The listing must be copied out in full and exactly; no images go with it.
[Opening Information provided section]
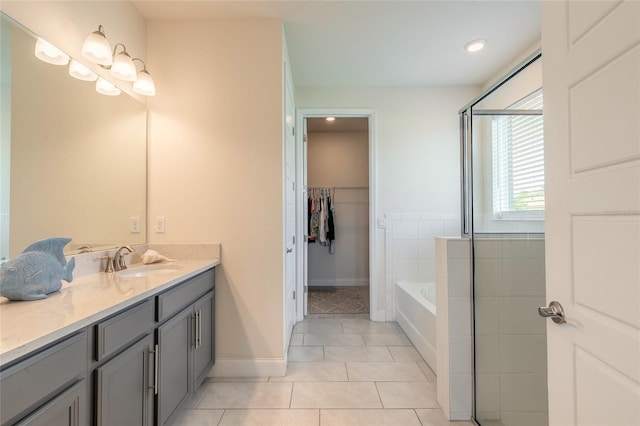 2840 Monaghan Dr, Ormond Beach, FL 32174 - bathroom featuring tile patterned flooring, vanity, a garden tub, baseboards, and an enclosed shower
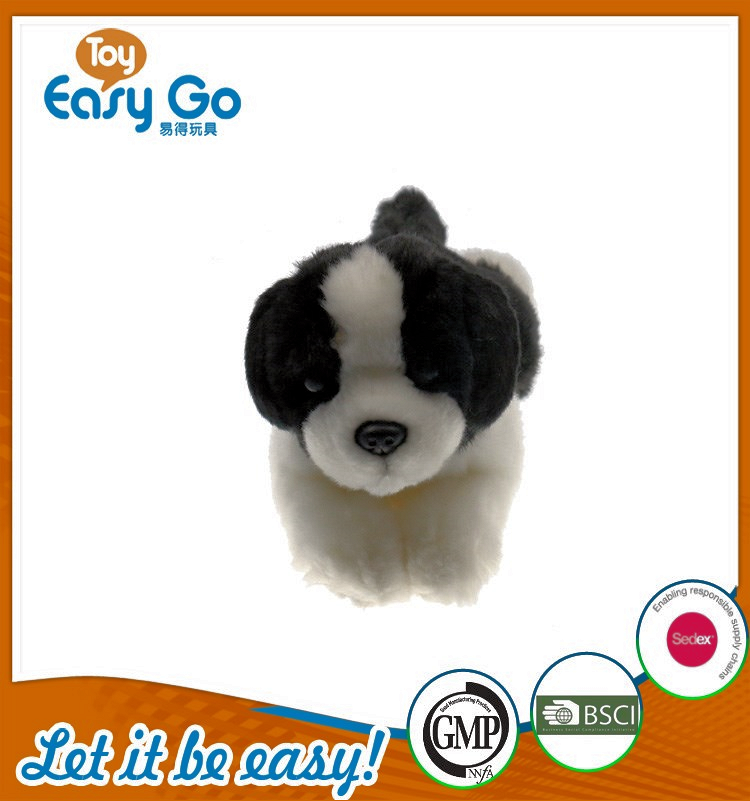 BSCI hot sale stuffed black and white laying dog 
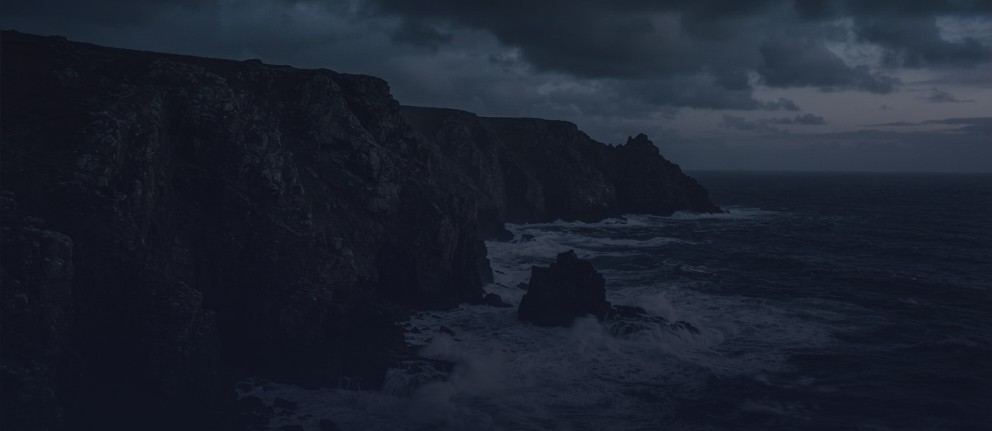 Dark sea cliffs under a stormy sky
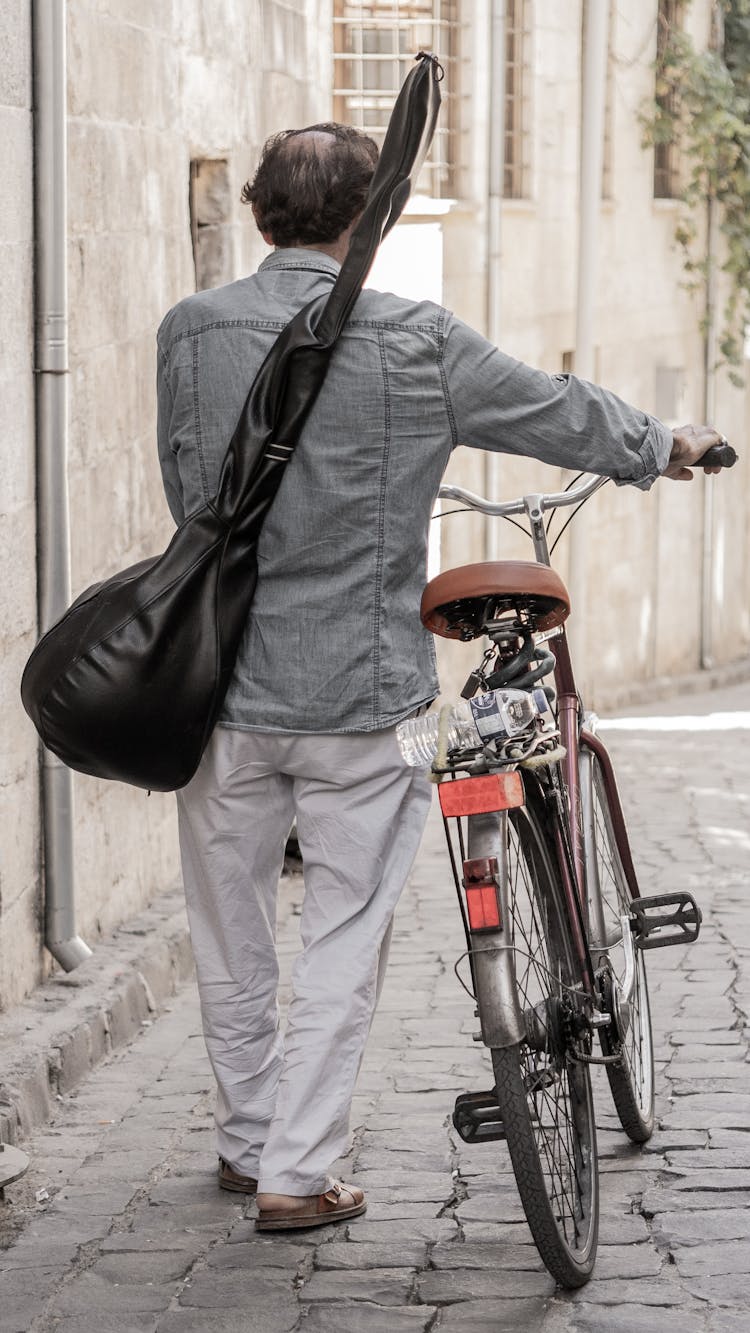 People Rolling A Bicycle With Instrument On His Back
[Closing Information provided section]
=== Response box ===
 2840 Monaghan Dr, Ormond Beach, FL 32174 - bathroom featuring tile patterned flooring, vanity, a garden tub, baseboards, and an enclosed shower
 BSCI hot sale stuffed black and white laying dog 
 Dark sea cliffs under a stormy sky
 People Rolling A Bicycle With Instrument On His Back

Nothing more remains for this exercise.